The technology here presented relates to field effect transistors (FETs), and more particularly to a FET having a fin-shaped conducting channel.
There are many industries which can benefit from high power density and high gain semiconductor transistors. For example, potential applications may include phased array, cell-phone, or base station power amplifier applications.
P-type diamond and p-type SiC are wide band-gap semiconductors that can be grown with sufficient conductivity for the gate conductor of a GaN or AlGaN-based field effect transistor. Prior research has shown that they can be used as a gate for a heterojunction field effect transistor. This research has identified benefits of a p-type diamond gate for GaN technology with a metal-insulator-semiconductor (MIS)-like AlGaN barrier.
Known devices with diamond gates, described above, are limited due to the difficulty of growing diamond on the respective materials with sufficiently low stress and low enough conductivity. Further, the stress is known to become larger as the lateral dimensions of the material are increased. In addition, the field from the gate material extends vertically from the gate into the semiconductor material. This geometry limits the thickness of the conducting layer structure to dimensions of approximately 20 nm and the sheet charge to approximately 1×1013 cm−2. The paper “Nanocrystalline Diamond-Gated AlGaN/GaN HEMT” IEEE Electron Device Letters, Vol. 34, No. 11, November 2013 describes benefits of p-type diamond gate on GaN technology; however, the technology described has less than a desirable high power density and gain.
A structure which has a higher power density and gain, while reducing stress during fabrication, is desirable.
A FinFET version of a heterojunction field effect transistor (HFET) can be scaled to higher power density and gain than a conventional GaN-based HFET. A regrown FinFET structure according to various embodiments may have a higher power density and gain with reduced stress as compared to the existing art.
Various embodiments use a fully planar geometry for reduced access resistance and a higher forward gate bias due to the greater built-in potential as compared to devices according to the existing art. In some embodiments, the FinFET geometry uses multiple nm-scale diamond gate structures that are lower stress due to the reduced size. Due to the small size of p-type diamond gates, substantial lattice mismatch is tolerable. An additional advantage of the FinFET geometry can be the reduction in short channel effects at reduced channel length. This reduction is expected to provide greater output resistance than that obtained with the existing art for similar performance.

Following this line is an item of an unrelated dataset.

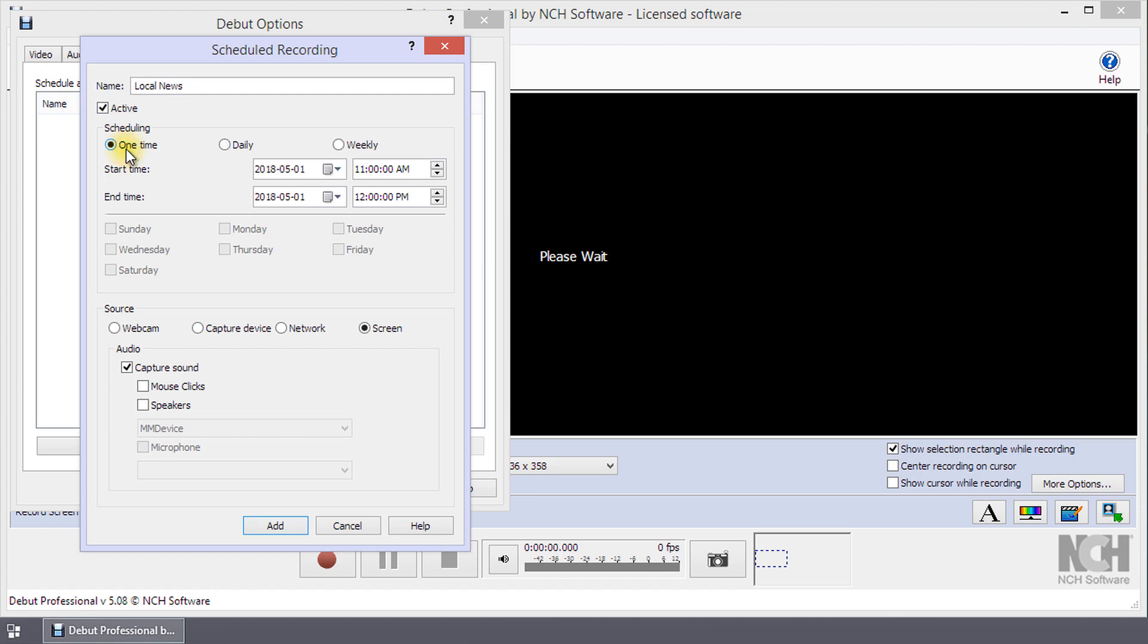One Time will make one recording based on the details entered. To make a recording every day at a particular time, select Daily. To make a scheduled recording on particular days of the week, select Weekly.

In some embodiments, a FinFET includes a substrate and an epitaxial stack formed atop the substrate. The epitaxial stack has a buffer layer formed atop the substrate, a channel layer of a wide band-gap material formed atop the buffer layer and a cap layer formed atop the channel layer. A plurality of recesses are formed through the cap layer and contacting the channel layer. The recesses may be arranged in a row across the epitaxial stack. A plurality of conducting wide band-gap material gate electrodes are grown in corresponding ones of the plurality of recesses. A conducting layer is fabricated atop the plurality of gate electrodes to form a gate contact. A source contact contacting the channel layer is applied on one side of the line formed by the plurality of gate electrodes and a drain contact contacting the channel layer is applied on the other side of the line formed by the plurality of gate electrodes.
A FinFET according to some embodiments enables lower access resistance, greater sheet charge and higher current gain than previously demonstrated GaN-based n-channel HFET devices. A diamond gate in a FinFET with this geometry offers a substantial benefit compared to other FinFET structures due to the improved thermal conductivity of diamond and larger built-in potential of the heterojunction over most alloy semiconductors. Such a FinFET structure is scalable to smaller geometries and has higher maximum available gain than the known structures described above.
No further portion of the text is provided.